On Thu, 2009-07-23 at 10:09 -0400, Steven Hawkins wrote:
> Several changes in Teiid have made our old behavior of allowing users to mark datatime columns from SQL Server/Sybase as time type in Teiid not work (it used to only fail in some situations with prepared statements). The issue is that SQL Server treats the default year for a time value as 1900 instead of 1970.
>
> My preferred approach is to have users represent the source datetime as a timestamp in Teiid (which is the default upon import), but perform type reconciliation in a virtual model using the following expression - convert(timestampadd(SQL_TSI_YEAR, 70, <source datatime>), time).
>
> To ensure this doesn't harm performance I can add a rewrite rule to perform the inversion of timestampadd.
>
> Since it includes the time type, this isn't an issue with SQL Server 2008.
>
> Steve
> _______________________________________________
> teiid-users mailing list
> teiid-users(a)lists.jboss.org
> https://lists.jboss.org/mailman/listinfo/teiid-users
14 years, 10 months
Re: [teiid-users] sql server time column
by Steven Hawkins
There are workarounds that can be done (the previous approach was to change time literals to {ts'1900-01-01 <time>}), but I would rather not do them because:
1. customers are unlikely to have this scenario where a datetime artificially represents only time values - we forced the issue with our bqt testing
2. if you just wrap the column in the appropriate expression at the connector level, you miss out on our rewriter enhancements.
----- Original Message -----
From: "Larry O'Leary" <loleary(a)redhat.com>
To: "Steven Hawkins" <shawkins(a)redhat.com>
Cc: "Warren Gibson" <wgibson(a)redhat.com>, "Paul Nittel" <pnittel(a)redhat.com>, "teiid-users" <teiid-users(a)lists.jboss.org>, "teiid-dev" <teiid-dev(a)lists.jboss.org>
Sent: Thursday, July 23, 2009 10:02:58 AM GMT -06:00 US/Canada Central
Subject: Re: [teiid-users] sql server time column
On Thu, 2009-07-23 at 10:09 -0400, Steven Hawkins wrote:
> Several changes in Teiid have made our old behavior of allowing users to mark datatime columns from SQL Server/Sybase as time type in Teiid not work (it used to only fail in some situations with prepared statements).
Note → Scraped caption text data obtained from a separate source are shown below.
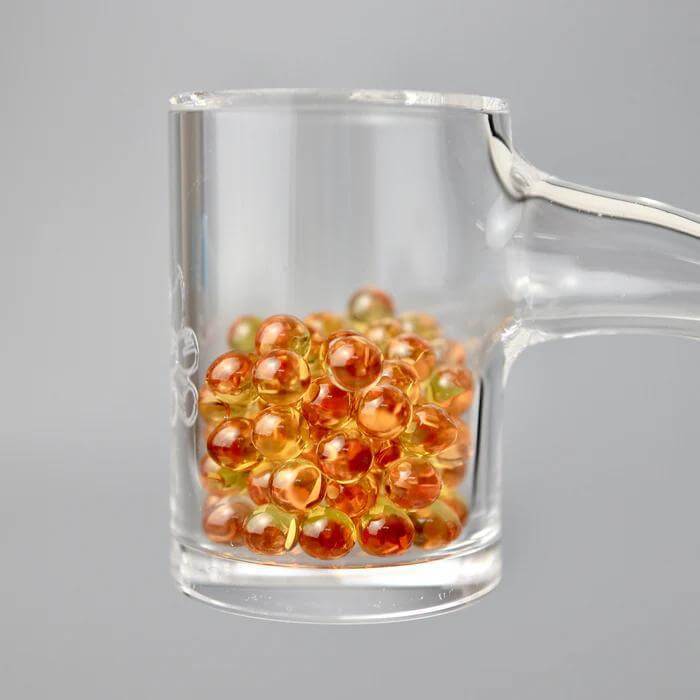 Ruby Pearl Co Yellow Sapphire Terp Pearls in a glass container for enhanced dabbing performance and flavor.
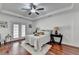 The main bedroom features hardwood floors, a ceiling fan, and a glass door at 337 Inverness Ave, Mcdonough, GA 30253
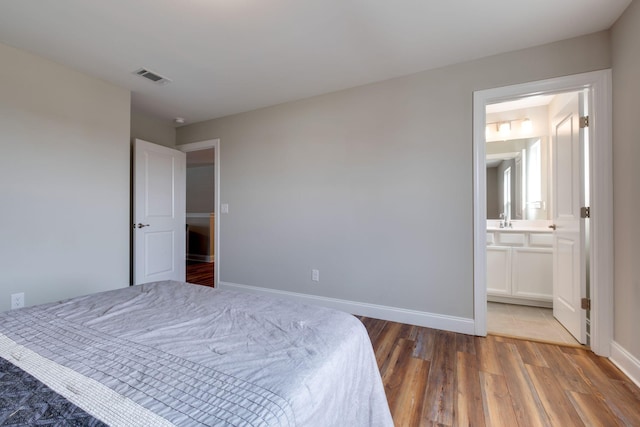 1207 Bridgett Way, Mount Juliet, TN 37122 - bedroom with wood finished floors, baseboards, and connected bathroom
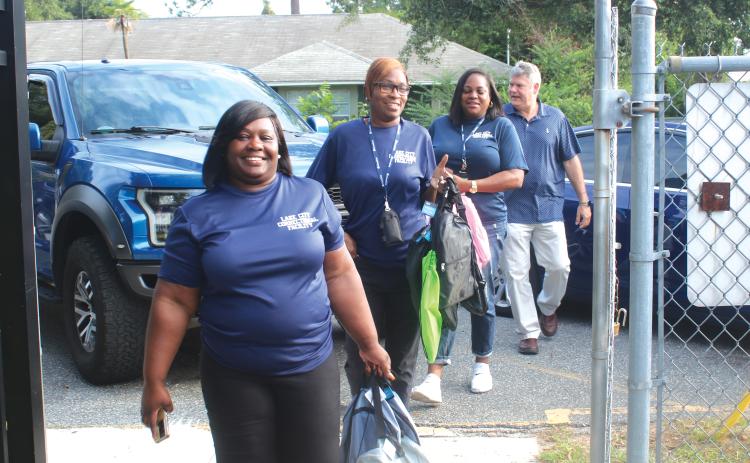 Lake City Correctional Facility employees Sonical Mitchell (from left), Twylah Queen, Deanna Lumpkin and James Deal, walk through the Eastside Elementary School gates Thursday morning while carry book bags for area students. The foursome donated book bags to several local elementary schools Thursday. (TONY BRITT/Lake City Reporter)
The issue is that SQL Server treats the default year for a time value as 1900 instead of 1970.
>
> My preferred approach is to have users represent the source datetime as a timestamp in Teiid (which is the default upon import), but perform type reconciliation in a virtual model using the following expression - convert(timestampadd(SQL_TSI_YEAR, 70, <source datatime>), time).
Can this not be done in the connector?
--
Larry O'Leary <loleary(a)redhat.com>
Red Hat, Inc.
14 years, 10 months
sql server time column
by Steven Hawkins
Several changes in Teiid have made our old behavior of allowing users to mark datatime columns from SQL Server/Sybase as time type in Teiid not work (it used to only fail in some situations with prepared statements). The issue is that SQL Server treats the default year for a time value as 1900 instead of 1970.
My preferred approach is to have users represent the source datetime as a timestamp in Teiid (which is the default upon import), but perform type reconciliation in a virtual model using the following expression - convert(timestampadd(SQL_TSI_YEAR, 70, <source datatime>), time).
To ensure this doesn't harm performance I can add a rewrite rule to perform the inversion of timestampadd.
Since it includes the time type, this isn't an issue with SQL Server 2008.